■ **Requirement**:
Using the records that follow, reproduce exactly the lines starting at the line containing "Two children playing" and ending at the line containing "Ronan Hale guide". Include both end lines and no pictures.

■ **Data to process**:
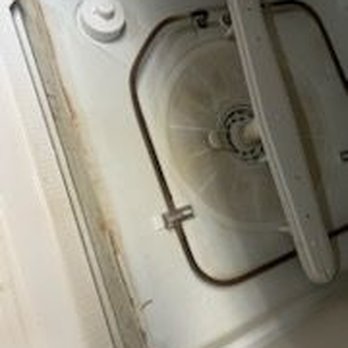 Cleaning by Jennie - This is the inside of the dishwasher before it was cleaned by "Cleaning by Jennie". - Home Cleaning Near Me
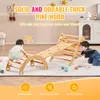 Two children playing on a wooden climbing structure indoors. Náhled obrázku produktu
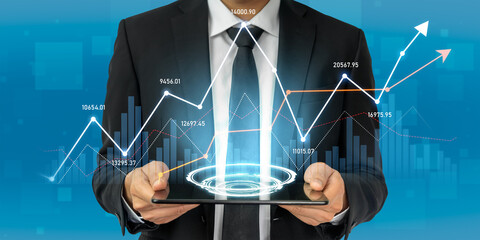 A businessman in a formal suit holds a tablet displaying digital financial charts and data, symbolizing growth, trends, and analysis in the corporate landscape. Scalp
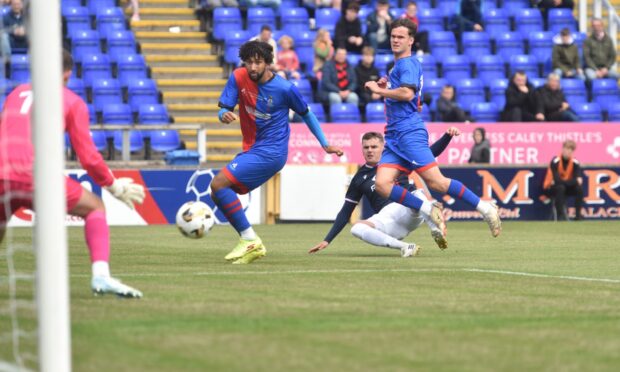Ronan Hale guide the ball into the net to give Ross County the lead at Inverness.  Image: Sandy McCook/DC Thomson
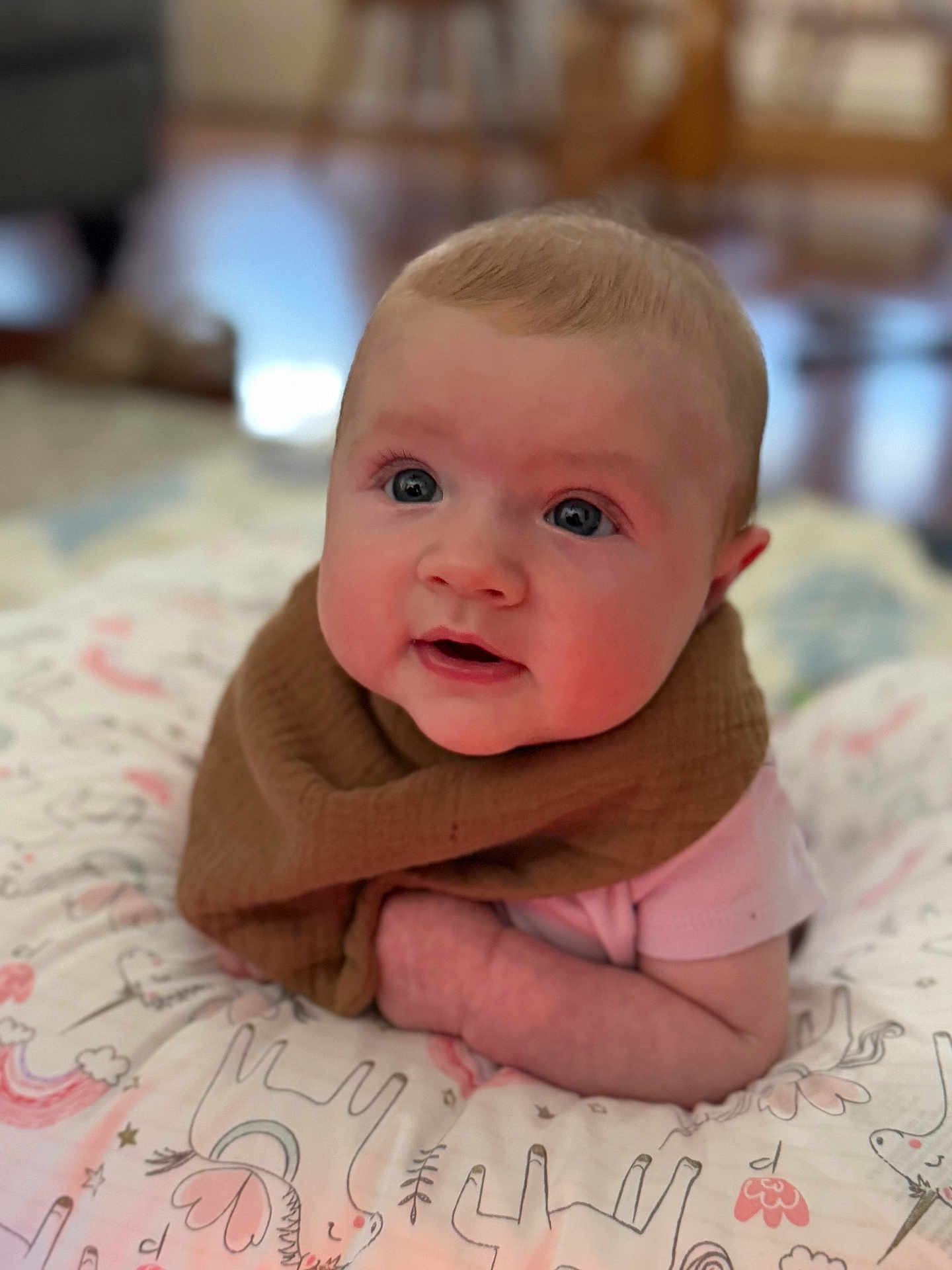 Leylanie is registered to the contest to win money with this photo: baby, brown_bib, cheeks, child, curious_expression, cute, eyes, face, indoors, infant, laying_down, person, pillow, pink_clothing, portrait, skin, soft_focus, toddler, unicorn_pattern, young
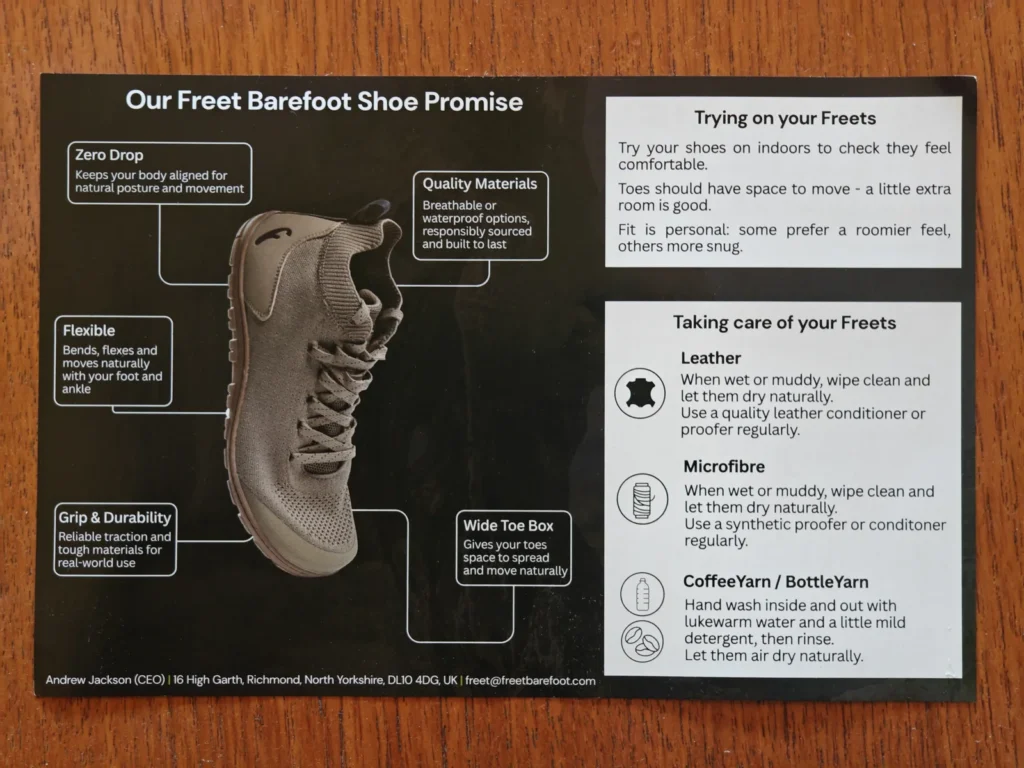 Freet Barefoot Shoe Promise card explaining zero drop, wide toe box, and BottleYarn care instructions on a wooden table.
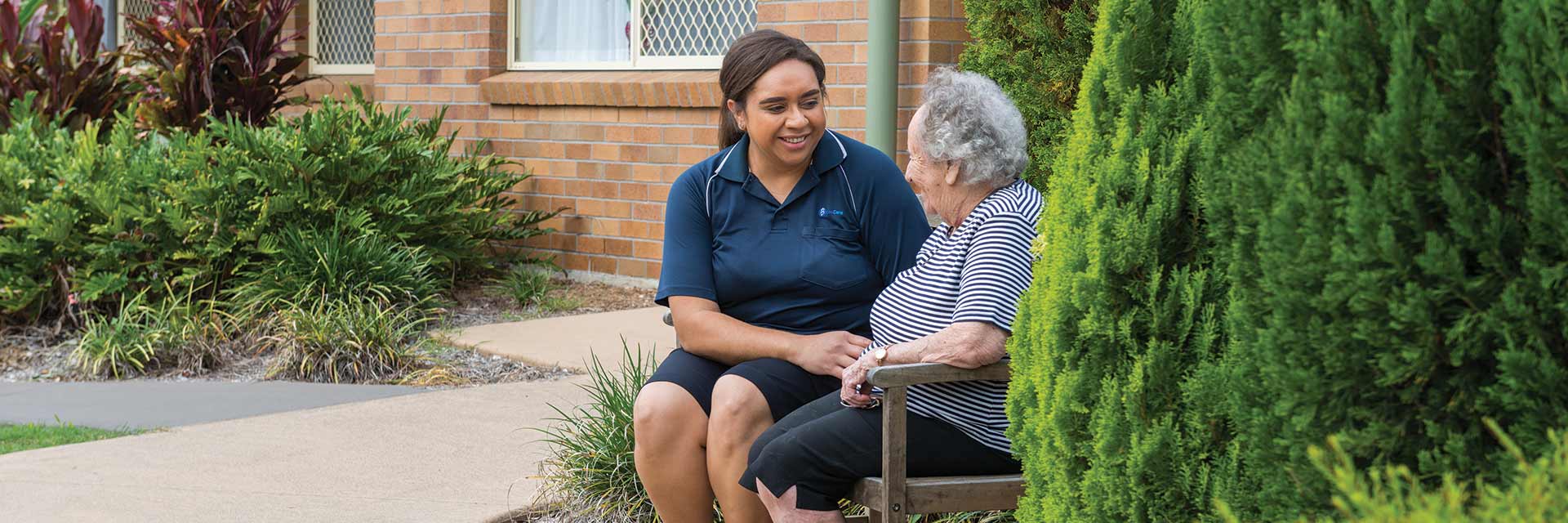 A smiling Blue Care employee holding hands with a smiling older lady in a garden
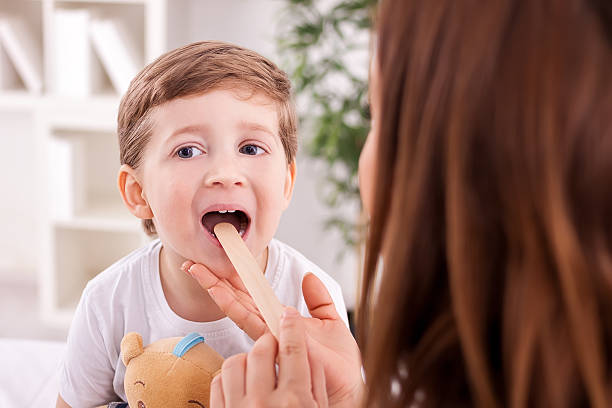 lekarz medycyny z dzieckiem - throat exam zdjęcia i obrazy z banku zdjęć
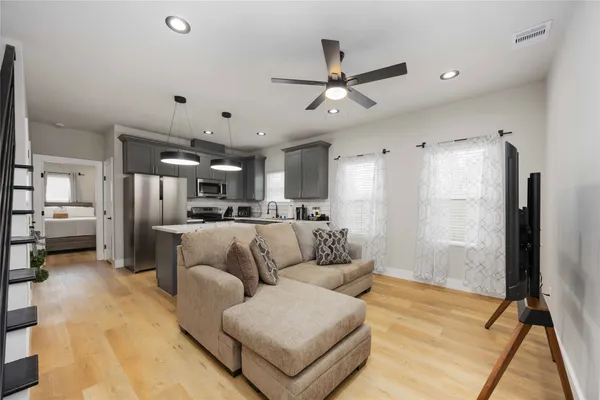 a living room with furniture kitchen view and a wooden floor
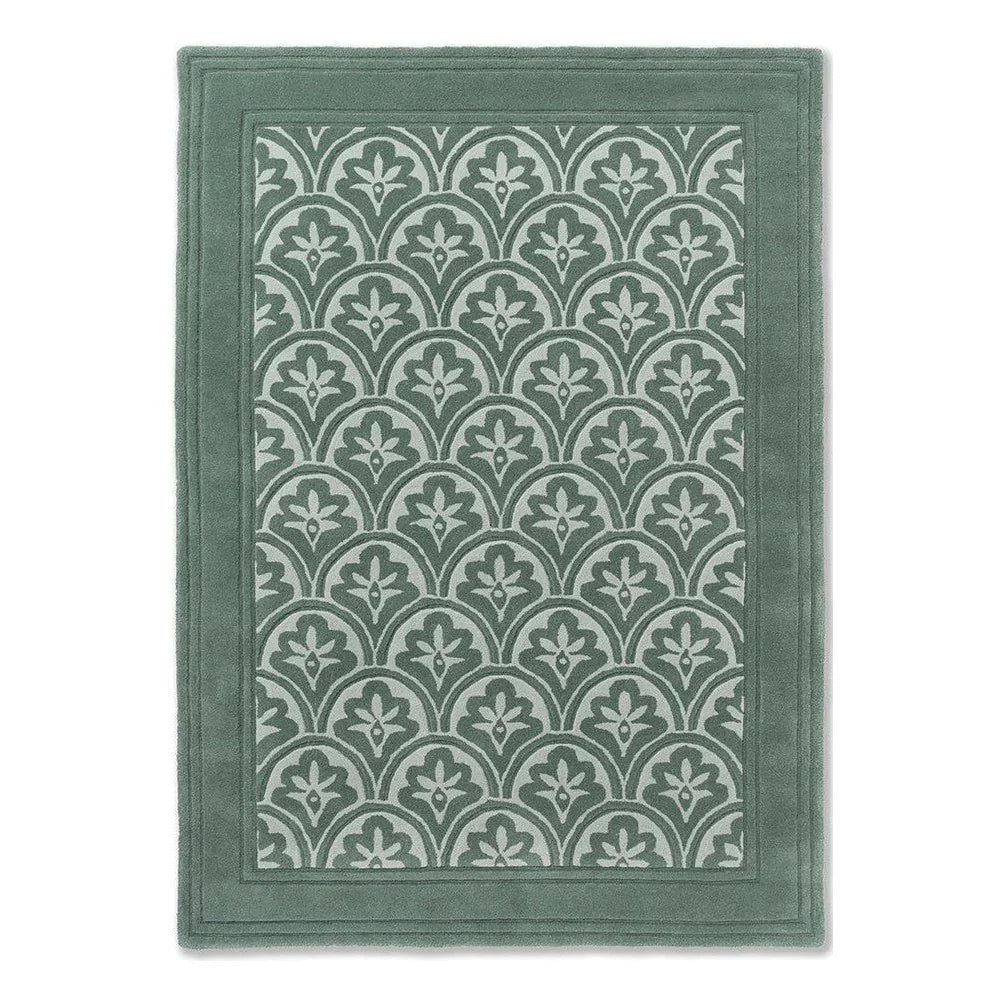 Laura Ashley Catarina Fern Designer Rug featuring scalloped arch fern motif in sage-green and mint on teal border, machine-woven polyester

■ **Written response**:
 Two children playing on a wooden climbing structure indoors. Náhled obrázku produktu
 A businessman in a formal suit holds a tablet displaying digital financial charts and data, symbolizing growth, trends, and analysis in the corporate landscape. Scalp
Ronan Hale guide the ball into the net to give Ross County the lead at Inverness.  Image: Sandy McCook/DC Thomson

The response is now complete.